● EXERCISE AIM:
Find the word "Gold" in the records and copy every line where it occurs.
** Opening PROVIDED DATA block **
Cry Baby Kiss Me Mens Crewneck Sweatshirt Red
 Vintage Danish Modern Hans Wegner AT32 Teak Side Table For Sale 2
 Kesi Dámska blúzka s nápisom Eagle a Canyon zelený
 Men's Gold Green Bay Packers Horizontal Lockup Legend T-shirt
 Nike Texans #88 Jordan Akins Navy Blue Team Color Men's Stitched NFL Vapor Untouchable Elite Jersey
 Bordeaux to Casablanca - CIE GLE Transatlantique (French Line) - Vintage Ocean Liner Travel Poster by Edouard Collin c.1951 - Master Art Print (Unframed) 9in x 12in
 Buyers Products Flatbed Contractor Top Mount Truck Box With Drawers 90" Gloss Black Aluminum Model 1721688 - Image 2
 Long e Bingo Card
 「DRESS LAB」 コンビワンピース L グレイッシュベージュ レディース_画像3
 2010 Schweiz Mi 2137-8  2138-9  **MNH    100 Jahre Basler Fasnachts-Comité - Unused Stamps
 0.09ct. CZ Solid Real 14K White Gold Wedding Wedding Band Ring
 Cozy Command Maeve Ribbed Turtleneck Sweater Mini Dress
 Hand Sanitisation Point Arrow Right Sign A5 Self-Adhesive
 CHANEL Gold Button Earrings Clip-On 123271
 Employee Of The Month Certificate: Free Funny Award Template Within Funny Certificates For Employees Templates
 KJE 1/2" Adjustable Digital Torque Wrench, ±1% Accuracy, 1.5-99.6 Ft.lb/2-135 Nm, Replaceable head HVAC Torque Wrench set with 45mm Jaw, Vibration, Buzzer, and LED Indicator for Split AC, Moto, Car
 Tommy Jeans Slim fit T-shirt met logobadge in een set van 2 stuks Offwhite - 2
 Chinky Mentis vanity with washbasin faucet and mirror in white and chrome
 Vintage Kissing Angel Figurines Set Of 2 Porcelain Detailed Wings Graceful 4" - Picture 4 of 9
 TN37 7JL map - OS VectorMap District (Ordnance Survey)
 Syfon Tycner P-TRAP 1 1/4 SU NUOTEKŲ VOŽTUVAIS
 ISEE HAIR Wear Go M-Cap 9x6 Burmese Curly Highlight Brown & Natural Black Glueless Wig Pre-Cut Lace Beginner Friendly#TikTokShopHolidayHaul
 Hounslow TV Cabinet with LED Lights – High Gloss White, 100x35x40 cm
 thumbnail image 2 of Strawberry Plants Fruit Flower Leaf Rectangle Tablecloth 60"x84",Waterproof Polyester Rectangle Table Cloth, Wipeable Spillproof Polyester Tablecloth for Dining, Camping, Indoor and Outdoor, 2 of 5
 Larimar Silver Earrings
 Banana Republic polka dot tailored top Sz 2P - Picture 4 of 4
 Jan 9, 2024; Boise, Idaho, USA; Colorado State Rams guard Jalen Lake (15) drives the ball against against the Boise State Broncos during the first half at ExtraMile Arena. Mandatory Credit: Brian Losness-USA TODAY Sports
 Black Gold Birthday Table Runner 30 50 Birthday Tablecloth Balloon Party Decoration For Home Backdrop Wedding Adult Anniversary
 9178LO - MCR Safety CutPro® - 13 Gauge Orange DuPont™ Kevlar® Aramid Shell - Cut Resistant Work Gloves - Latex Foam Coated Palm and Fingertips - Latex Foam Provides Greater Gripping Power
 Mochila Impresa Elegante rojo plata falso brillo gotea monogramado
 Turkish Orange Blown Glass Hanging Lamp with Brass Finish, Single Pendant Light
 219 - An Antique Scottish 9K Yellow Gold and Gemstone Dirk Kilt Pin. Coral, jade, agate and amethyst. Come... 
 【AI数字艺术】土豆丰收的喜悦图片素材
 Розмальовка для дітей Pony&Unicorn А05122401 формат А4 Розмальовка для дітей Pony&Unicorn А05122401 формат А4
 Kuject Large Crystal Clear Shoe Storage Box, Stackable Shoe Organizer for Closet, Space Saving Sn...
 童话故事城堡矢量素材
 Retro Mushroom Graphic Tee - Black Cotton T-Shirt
** Closing PROVIDED DATA block **
● SOLUTION:
 Men's Gold Green Bay Packers Horizontal Lockup Legend T-shirt
 0.09ct. CZ Solid Real 14K White Gold Wedding Wedding Band Ring
 CHANEL Gold Button Earrings Clip-On 123271
 Black Gold Birthday Table Runner 30 50 Birthday Tablecloth Balloon Party Decoration For Home Backdrop Wedding Adult Anniversary
 219 - An Antique Scottish 9K Yellow Gold and Gemstone Dirk Kilt Pin. Coral, jade, agate and amethyst. Come... 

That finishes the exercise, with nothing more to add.